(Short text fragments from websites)
━━━━━━━━
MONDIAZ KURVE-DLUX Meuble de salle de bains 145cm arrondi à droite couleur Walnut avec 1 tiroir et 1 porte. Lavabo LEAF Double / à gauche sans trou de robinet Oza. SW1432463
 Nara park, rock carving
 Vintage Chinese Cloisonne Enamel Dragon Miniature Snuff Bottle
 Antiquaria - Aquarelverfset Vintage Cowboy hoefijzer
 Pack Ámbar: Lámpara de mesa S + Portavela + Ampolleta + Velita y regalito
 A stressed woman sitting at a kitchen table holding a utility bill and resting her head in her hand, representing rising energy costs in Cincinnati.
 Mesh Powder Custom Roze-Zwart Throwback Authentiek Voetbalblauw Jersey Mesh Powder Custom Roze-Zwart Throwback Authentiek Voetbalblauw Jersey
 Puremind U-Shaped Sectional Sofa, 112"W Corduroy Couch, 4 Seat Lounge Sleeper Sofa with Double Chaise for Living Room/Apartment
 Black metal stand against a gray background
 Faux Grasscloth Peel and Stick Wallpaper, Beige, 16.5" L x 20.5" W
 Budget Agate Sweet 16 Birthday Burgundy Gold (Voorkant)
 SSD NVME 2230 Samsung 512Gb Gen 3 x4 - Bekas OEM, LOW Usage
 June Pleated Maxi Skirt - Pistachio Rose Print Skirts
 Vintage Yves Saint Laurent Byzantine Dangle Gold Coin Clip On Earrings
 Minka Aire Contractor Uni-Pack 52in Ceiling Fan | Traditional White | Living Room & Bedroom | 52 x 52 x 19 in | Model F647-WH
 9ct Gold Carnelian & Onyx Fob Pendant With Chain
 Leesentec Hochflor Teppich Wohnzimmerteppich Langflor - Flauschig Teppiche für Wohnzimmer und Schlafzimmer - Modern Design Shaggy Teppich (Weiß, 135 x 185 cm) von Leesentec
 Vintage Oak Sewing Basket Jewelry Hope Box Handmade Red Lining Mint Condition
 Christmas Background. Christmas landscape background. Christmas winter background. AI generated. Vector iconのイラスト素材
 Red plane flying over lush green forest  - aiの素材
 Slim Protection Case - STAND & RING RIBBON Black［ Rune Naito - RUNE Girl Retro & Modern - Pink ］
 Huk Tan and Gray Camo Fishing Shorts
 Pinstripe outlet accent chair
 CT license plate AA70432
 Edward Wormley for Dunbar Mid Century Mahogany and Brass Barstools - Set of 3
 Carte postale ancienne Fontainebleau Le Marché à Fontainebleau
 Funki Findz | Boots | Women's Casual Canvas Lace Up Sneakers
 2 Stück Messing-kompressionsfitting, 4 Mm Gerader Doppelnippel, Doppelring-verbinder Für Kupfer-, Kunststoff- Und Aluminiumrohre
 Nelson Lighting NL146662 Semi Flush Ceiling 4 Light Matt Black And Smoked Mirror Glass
━━━━━━━━
(WORK TO BE COMPLETED)
Throughout the records above, find the lines in which the word "Vintage" appears and return them.

(ANSWER BELOW)
 Vintage Chinese Cloisonne Enamel Dragon Miniature Snuff Bottle
 Antiquaria - Aquarelverfset Vintage Cowboy hoefijzer
 Vintage Yves Saint Laurent Byzantine Dangle Gold Coin Clip On Earrings
 Vintage Oak Sewing Basket Jewelry Hope Box Handmade Red Lining Mint Condition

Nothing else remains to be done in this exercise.